Bell & Machover: A Course in Mathematical Logic

Once upon a long time ago, John Bell and Moshé Machover ran a notable one-year masters-level programme on mathematical logic and the foundations of mathematics at London University. They then developed their lecture notes into A Course in Mathematical Logic published by North-Holland in 1977. This is a very substantial book of 599 pages, and a major achievement in its time, rightly well-regarded back in the day.
But, almost fifty years on, the question inevitably arises: what does it have to offer the reader today compared with more recent texts (in particular, how well is it likely to work for a student launching into a course of self-study?).
As the authors note, various parts of the Course had their origins in different lecture courses, and they can often be tackled independently of each other. For example, you don’t need to know the particular details of Bell and Machover’s account of FOL in order to cope with their later discussion of formal arithmetics. It is therefore quite reasonable to chunk up the book into discrete parts, and to assess these separately. So that’s what I’ll do.
Chs 1–3, Propositional and first-order logic (pp. 124). There is a lot to like about the first chapter here — in particular the way that both tableaux and axiomatic systems are introduced and interrelated. (Unsigned) tableaux are nicely motivated immediately after the truth-functional semantics for the basic connectives is defined (and we get a proof too that a version of excluded middle could be conservatively added as a tableaux rule). Soundness and a (weak) completeness theorem for tableaux are snappily proved. Then we meet a Hilbert-style proof system, and it is shown directly (i.e. by syntactic proof-manipulations) that this warrants the same deductions as the tableaux system, establishing that the new proof system is complete too. Then we get a proof of weak completeness for our Hilbert system by Kalmar’s method, and a proof of strong completeness by Zorn’s Lemma and the construction of maximal consistent sets. This could be very useful reading for many, drawing various ideas together and showing how they interrelate.
But I can’t in the same way recommend the similarly structured chapters on FOL. Although they start well enough, the semantic story about FOL — in particular when it comes to a laboured discussion of substitution — soon becomes rather too heavy-handed, and the version of a tableau system for FOL is far from the nicest.
Ch. 4, Boolean algebras (pp. 36) This is a nice stand-alone chapter, and it still makes a recommendable introductory account — especially §§1–5.
Ch. 5, Model theory (pp. 65) Somewhat action-packed, and lacking some of the helpful classroom asides we find in earlier chapters. There are now more accessible treatments of elementary model theory.
Chs 6–8, Recursion theory and arithmetic (pp. 174) Once upon a time, this group of chapters would have been particularly interesting in virtue of its early account of the then relatively-recent MRDP theorem and the use of that theorem in proving further key results. Still pretty readable, but this is a topic area with some wonderful alternative texts.

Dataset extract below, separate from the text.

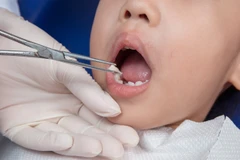 Cabut Gigi di Schon dental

Though for one alternative option on recursion theory and arithmetic, we should certainly note Machover’s more approachable reworking of some of the same material in his own later, shorter, book (though he doesn’t actually prove the MRDP theorem there, referring back to the details here).

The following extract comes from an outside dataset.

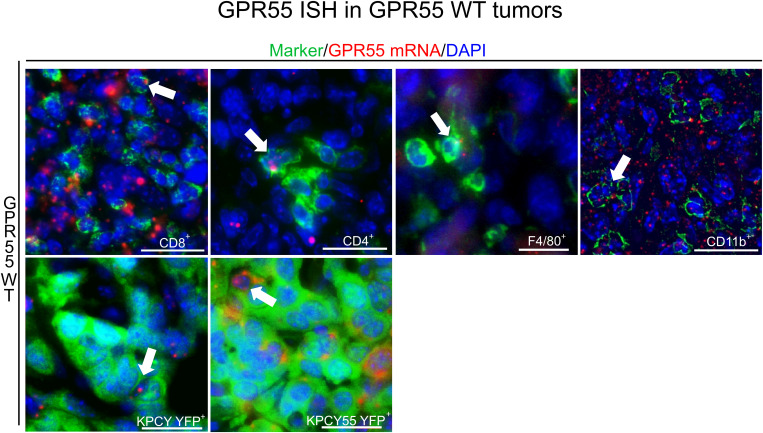 Presence of GPR55 in KPCY and KPCY55 tumors. ISH/immunofluorescence for immune and tumor cells in sections of KPCY and KPCY55 tumors from WT mice. Representative arrows point at cells expressing GPR55 mRNA signals (red). Antibodies against immune cell markers CD8+, CD4+, CD11b+, and F4/80+ were used (all in green). Tumor cells (YFP+) of KPCY and KPCY55 tumors were labeled with anti-GFP antibody (green). Nuclei were stained with DAPI (blue). Calibration bars=20 µm. 30-900 cells were counted per section; sections from 3 animals used. ISH, In situ hybridization; WT, wildtype; TME, tumor microenvironment.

Ch 9, Intuitionistic first-order logic (pp. 59). There is a useful initial motivating discussion in §§1-4. But we don’t get the clearest of accounts of how the Beth/Fitting tableaux system which is introduced next is supposed to work: de Swart in his chapter on intuitionism, for example, does better. And the rest of the chapter doesn’t give e.g. the nicest introduction to Kripke semantics either. So not the place to start.
Ch. 10, Set theory (pp. 72). After more routine introductory sections, the remaining sections — including §5 on reflection principles, §7 on absoluteness, §8 on constructible sets, §9 on the consistency of AC and GCH — could well still be useful supplementary reading for those who already know some elementary set theory. But of course there are many alternatives!
Ch. 11, Non-standard analysis (pp. 45). This chapter is a sophisticated but somewhat opaque treatment, a level or two up from most of what has gone before, and rather too remote from the accessible but intriguing entry-level considerations we usually meet in introductory accounts of Robinson-style constructions. Certainly not for the faint-hearted.
Summary verdict An exceptional book in its day, still worth revisiting in part.